Sa création date de près de dix ans, mais c’est son introduction en bourse fin 2014 qui l’a propulsée dans la lumière. Leader sur le marché américain des plateformes de prêt entre particuliers, Lending Club est dirigée par son fondateur, Renaud Laplanche, juriste de formation et serial entrepreneur. Portrait d’un éleveur de licornes.

Son nom figure à la 28e position du dernier classement des 50 personnalités les plus influentes du monde économique établi par Bloomberg, derrière le directeur général du Crédit Suisse, Tidjane Thiam (23e), et devant… le Pape François (31e). Inconnu du grand public, le Français Renaud Laplanche, 45 ans, est pourtant un entrepreneur à succès, aujourd’hui à la tête d’une licorne de la Silicon Valley, Lending Club. Cette start-up, qu’il a fondée après la revente de sa précédente société à Oracle en 2006, domine le marché des plateformes de prêt entre particuliers aux États-Unis.

La licorne du prêt entre particuliers

Une partie de la réussite de Lending Club repose sur le pedigree de son créateur, ancien du cabinet international Cleary Gottlieb Steen & Hamilton, où il a travaillé comme spécialiste du droit des opérations boursières entre 1995 et 1999, selon Wikipédia. La Fintech basée à San Francisco a en effet été la première de son secteur à obtenir le feu vert de la Securities and Exchange Commission (SEC), le gendarme de la bourse américaine, avec laquelle Renaud Laplanche a élaboré un cadre légal pour son activité, rapporte par ailleurs Charles Moldow sur le site TechCrunch.

En entrant en bourse en décembre 2014, Lending Club a souhaité s’affirmer comme une marque, faire preuve de transparence et a aussi voulu démontrer sa volonté de s’ancrer à long terme sur le marché prometteur du prêt entre particuliers, a récemment indiqué son PDG au site Inc.com.
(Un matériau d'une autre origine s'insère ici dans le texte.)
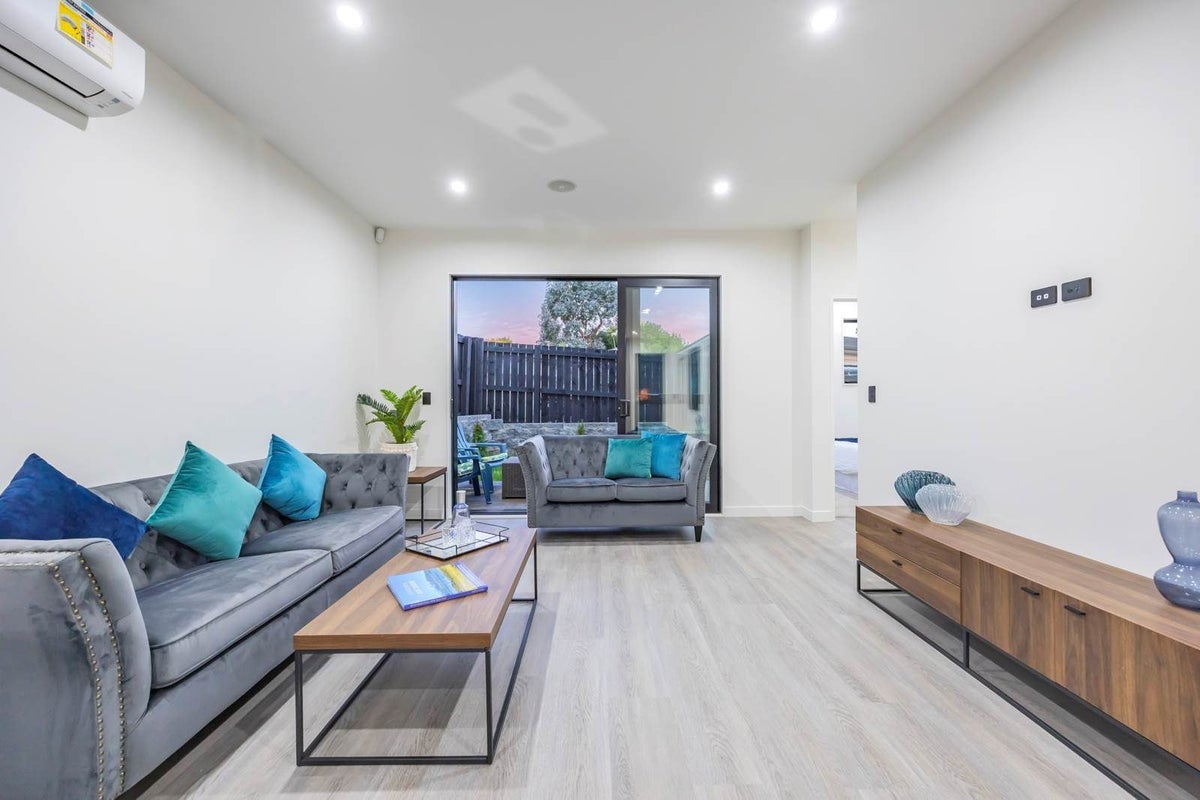 26D Tupaki Place, Pakuranga Heights, Auckland - Carousel 2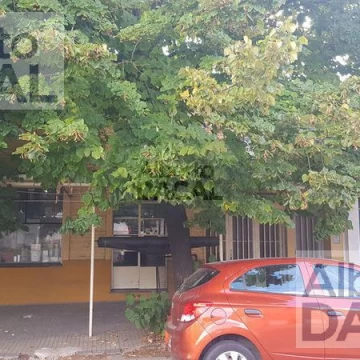 Local - La Plata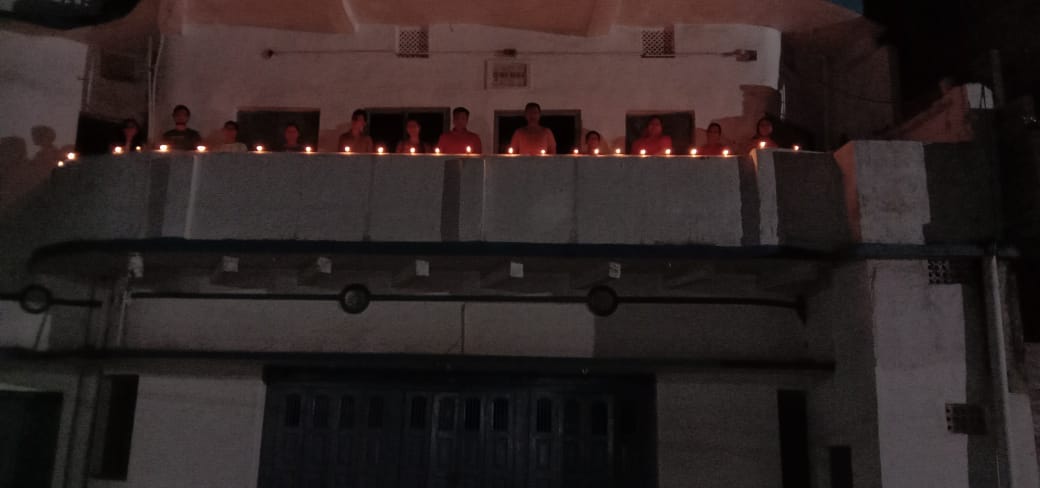 9 PM 9 Minute : ठीक 9 बजे और जल उठे करोड़ों दीये, दीपावली सा दिखा नजारा, कोरोना के खिलाफ एकजुट हुआ देश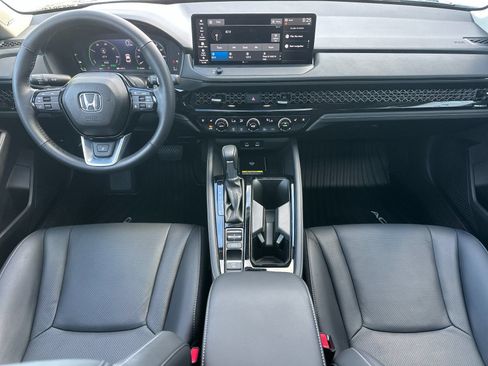 Used 2025 Honda Accord Touring image 13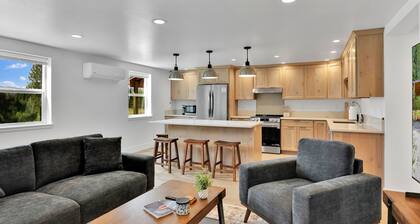 Meadow Retreat Secluded Home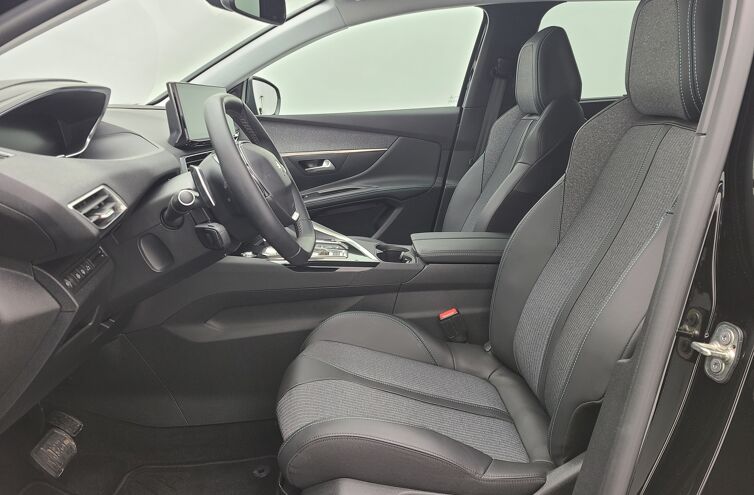 PEUGEOT 5008 SUV Diesel 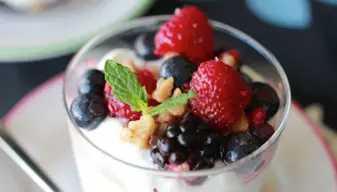 Mousse de yogur con frutas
Après des débuts encourageants avec une levée de fonds de près d’un milliard de dollars, l’action de la start-up a été victime de la conjoncture morose sur les places financières outre-Atlantique, avant de se stabiliser autour de 60 % de son niveau d’introduction.

Une situation qui est loin de refléter d’une part les promesses tenues de l’entreprise, bénéficiaire au quatrième trimestre 2015 (avec 2,5 milliards de dollars de prêts atteints), et d’autre part, les prévisions des analystes : Morgan Stanley prévoit que le marché atteindra 122 milliards de dollars de prêts en 2020. Le marché du prêt entre particuliers décolle !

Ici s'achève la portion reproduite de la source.